# To do
The line containing "2810273 | Theatinerkirche" marks the end, so write out exactly every line from the top of the entries below through that one.

[Source information — start]

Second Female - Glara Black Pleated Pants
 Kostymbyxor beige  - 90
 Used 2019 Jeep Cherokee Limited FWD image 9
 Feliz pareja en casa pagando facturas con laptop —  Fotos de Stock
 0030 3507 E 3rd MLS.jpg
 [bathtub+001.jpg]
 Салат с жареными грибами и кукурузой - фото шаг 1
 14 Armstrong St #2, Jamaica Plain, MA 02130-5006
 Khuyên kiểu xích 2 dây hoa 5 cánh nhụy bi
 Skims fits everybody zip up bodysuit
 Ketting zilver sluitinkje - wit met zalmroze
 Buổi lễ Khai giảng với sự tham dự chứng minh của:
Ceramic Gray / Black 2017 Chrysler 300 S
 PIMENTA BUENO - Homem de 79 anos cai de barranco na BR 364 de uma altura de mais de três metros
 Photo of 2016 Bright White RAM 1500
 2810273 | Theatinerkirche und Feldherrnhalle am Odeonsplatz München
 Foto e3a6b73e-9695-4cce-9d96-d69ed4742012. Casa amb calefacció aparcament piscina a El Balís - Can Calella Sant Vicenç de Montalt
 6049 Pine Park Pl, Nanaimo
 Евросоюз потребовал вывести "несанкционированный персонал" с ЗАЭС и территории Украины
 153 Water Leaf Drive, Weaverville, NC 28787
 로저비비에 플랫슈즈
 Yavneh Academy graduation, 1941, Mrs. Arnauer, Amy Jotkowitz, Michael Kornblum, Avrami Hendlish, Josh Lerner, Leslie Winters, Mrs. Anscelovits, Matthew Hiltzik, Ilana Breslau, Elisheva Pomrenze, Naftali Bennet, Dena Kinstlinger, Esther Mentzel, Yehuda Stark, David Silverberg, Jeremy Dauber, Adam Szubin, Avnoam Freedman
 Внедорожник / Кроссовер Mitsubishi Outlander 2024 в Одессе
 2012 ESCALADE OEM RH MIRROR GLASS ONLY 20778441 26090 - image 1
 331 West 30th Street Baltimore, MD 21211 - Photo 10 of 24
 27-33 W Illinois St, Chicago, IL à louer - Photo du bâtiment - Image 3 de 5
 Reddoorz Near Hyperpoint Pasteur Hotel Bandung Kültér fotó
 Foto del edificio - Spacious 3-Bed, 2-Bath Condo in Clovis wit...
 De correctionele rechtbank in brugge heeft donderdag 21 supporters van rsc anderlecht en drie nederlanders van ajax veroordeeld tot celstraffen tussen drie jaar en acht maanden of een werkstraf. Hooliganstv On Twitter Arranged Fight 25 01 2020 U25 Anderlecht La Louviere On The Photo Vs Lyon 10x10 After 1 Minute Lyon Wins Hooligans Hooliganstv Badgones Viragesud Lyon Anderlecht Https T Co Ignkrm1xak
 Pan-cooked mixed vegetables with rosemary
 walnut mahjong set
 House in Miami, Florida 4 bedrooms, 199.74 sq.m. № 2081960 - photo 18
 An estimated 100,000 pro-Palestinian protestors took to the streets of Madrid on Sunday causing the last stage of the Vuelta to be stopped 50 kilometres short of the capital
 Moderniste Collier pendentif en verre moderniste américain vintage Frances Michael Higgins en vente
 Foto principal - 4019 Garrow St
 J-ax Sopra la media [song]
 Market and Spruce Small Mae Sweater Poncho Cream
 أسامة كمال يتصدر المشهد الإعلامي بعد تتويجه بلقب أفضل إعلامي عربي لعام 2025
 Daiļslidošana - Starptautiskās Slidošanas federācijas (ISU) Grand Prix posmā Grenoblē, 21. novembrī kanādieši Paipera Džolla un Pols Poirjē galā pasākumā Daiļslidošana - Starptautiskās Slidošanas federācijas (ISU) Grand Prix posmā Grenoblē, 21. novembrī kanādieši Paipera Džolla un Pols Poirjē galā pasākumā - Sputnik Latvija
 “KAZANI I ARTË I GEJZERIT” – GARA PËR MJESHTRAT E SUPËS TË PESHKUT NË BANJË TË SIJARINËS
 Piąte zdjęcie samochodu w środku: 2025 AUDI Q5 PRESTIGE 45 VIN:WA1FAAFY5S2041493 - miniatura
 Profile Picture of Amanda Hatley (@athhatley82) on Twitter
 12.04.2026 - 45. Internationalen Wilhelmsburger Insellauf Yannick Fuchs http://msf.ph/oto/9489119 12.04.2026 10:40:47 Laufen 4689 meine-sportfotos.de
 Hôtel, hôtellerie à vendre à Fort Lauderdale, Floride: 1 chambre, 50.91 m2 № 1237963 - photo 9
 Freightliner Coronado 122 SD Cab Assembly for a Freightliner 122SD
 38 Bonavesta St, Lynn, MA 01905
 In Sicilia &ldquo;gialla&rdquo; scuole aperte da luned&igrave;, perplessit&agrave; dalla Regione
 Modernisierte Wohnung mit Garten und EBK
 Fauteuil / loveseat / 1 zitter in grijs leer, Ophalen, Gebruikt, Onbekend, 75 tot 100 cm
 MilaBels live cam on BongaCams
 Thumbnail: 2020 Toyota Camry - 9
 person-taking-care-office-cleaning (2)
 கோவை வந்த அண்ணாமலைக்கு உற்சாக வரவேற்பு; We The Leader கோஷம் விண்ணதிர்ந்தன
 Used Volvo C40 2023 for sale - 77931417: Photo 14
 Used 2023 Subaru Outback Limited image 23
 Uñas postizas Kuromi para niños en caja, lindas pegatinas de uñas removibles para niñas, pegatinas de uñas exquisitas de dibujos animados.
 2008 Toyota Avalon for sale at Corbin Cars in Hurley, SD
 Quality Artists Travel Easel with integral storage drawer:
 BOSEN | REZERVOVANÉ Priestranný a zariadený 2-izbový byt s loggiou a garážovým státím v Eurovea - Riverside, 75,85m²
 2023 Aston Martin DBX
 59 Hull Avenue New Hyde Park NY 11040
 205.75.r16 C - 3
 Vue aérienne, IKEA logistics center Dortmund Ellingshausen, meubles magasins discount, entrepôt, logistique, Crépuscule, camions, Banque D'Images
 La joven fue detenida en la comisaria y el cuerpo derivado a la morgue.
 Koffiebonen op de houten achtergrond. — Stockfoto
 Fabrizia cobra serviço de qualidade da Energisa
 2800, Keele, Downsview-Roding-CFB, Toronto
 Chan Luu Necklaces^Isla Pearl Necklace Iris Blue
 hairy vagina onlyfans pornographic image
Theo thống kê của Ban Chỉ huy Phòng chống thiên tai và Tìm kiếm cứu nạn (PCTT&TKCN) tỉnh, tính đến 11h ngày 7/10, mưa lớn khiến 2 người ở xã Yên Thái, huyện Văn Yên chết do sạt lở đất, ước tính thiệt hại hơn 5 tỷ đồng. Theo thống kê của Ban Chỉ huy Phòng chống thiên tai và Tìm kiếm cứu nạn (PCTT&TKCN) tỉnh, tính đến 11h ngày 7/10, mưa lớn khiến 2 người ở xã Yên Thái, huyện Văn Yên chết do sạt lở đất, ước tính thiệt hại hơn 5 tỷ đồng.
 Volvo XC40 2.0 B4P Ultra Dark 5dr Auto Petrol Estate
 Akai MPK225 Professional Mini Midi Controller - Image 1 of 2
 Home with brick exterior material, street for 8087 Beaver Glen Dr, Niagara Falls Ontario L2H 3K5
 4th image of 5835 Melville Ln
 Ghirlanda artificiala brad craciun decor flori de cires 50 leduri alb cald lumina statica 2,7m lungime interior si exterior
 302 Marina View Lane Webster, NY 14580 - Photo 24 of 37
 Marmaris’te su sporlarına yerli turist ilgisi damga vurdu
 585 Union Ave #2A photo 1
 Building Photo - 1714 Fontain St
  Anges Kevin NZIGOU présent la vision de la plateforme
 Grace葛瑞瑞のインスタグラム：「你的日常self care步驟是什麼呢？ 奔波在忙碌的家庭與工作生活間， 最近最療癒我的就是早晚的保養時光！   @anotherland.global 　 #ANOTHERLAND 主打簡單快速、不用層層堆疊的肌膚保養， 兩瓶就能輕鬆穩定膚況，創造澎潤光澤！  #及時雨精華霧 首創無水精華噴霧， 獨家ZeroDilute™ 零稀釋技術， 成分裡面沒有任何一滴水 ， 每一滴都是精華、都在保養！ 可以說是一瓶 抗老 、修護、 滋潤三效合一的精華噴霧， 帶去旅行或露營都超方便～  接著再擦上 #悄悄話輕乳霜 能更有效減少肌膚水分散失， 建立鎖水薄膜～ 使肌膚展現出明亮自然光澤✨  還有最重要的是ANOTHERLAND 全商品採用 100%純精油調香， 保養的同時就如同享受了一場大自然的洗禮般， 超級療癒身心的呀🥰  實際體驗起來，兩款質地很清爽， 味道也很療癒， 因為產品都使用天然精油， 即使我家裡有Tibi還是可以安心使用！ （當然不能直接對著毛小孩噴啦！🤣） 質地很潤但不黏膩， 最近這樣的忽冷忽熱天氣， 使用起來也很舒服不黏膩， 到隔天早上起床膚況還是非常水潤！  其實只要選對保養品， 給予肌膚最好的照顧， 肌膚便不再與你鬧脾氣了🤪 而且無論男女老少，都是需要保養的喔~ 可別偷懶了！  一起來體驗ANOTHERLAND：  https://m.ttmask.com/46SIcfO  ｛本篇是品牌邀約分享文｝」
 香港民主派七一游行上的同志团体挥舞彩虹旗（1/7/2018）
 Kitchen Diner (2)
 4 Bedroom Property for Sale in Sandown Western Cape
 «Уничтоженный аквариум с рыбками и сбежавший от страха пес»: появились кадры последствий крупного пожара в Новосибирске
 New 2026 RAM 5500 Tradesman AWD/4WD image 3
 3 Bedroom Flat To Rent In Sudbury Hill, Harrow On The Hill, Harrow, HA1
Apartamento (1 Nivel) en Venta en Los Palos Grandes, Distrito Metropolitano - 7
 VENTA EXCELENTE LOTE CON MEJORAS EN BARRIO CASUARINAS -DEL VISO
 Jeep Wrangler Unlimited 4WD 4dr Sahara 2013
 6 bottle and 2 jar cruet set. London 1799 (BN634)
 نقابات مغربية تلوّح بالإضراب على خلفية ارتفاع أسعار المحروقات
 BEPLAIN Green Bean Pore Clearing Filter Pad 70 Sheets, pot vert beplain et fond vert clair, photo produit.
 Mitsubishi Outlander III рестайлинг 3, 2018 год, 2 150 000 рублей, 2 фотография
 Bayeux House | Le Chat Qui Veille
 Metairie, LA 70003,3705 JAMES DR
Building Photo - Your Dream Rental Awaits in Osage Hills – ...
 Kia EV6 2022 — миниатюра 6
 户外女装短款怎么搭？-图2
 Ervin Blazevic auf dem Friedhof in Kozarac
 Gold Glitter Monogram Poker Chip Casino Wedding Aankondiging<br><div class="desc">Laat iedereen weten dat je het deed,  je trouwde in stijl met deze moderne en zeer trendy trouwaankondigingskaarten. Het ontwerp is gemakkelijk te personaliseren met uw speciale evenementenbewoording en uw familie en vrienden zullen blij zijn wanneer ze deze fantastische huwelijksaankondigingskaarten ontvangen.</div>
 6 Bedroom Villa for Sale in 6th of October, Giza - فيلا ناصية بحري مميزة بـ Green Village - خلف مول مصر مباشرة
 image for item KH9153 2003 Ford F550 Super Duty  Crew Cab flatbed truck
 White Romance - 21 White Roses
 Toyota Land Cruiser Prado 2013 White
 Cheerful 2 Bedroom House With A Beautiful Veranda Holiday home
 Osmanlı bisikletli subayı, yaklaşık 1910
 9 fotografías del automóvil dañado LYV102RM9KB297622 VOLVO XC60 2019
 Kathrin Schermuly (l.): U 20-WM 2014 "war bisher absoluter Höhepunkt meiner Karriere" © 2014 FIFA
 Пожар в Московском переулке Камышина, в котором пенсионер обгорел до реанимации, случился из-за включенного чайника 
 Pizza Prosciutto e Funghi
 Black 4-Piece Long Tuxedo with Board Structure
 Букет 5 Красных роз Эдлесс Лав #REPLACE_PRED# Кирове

[Source information — finish]

# Result
Second Female - Glara Black Pleated Pants
 Kostymbyxor beige  - 90
 Used 2019 Jeep Cherokee Limited FWD image 9
 Feliz pareja en casa pagando facturas con laptop —  Fotos de Stock
 0030 3507 E 3rd MLS.jpg
 [bathtub+001.jpg]
 Салат с жареными грибами и кукурузой - фото шаг 1
 14 Armstrong St #2, Jamaica Plain, MA 02130-5006
 Khuyên kiểu xích 2 dây hoa 5 cánh nhụy bi
 Skims fits everybody zip up bodysuit
 Ketting zilver sluitinkje - wit met zalmroze
 Buổi lễ Khai giảng với sự tham dự chứng minh của:
Ceramic Gray / Black 2017 Chrysler 300 S
 PIMENTA BUENO - Homem de 79 anos cai de barranco na BR 364 de uma altura de mais de três metros
 Photo of 2016 Bright White RAM 1500
 2810273 | Theatinerkirche und Feldherrnhalle am Odeonsplatz München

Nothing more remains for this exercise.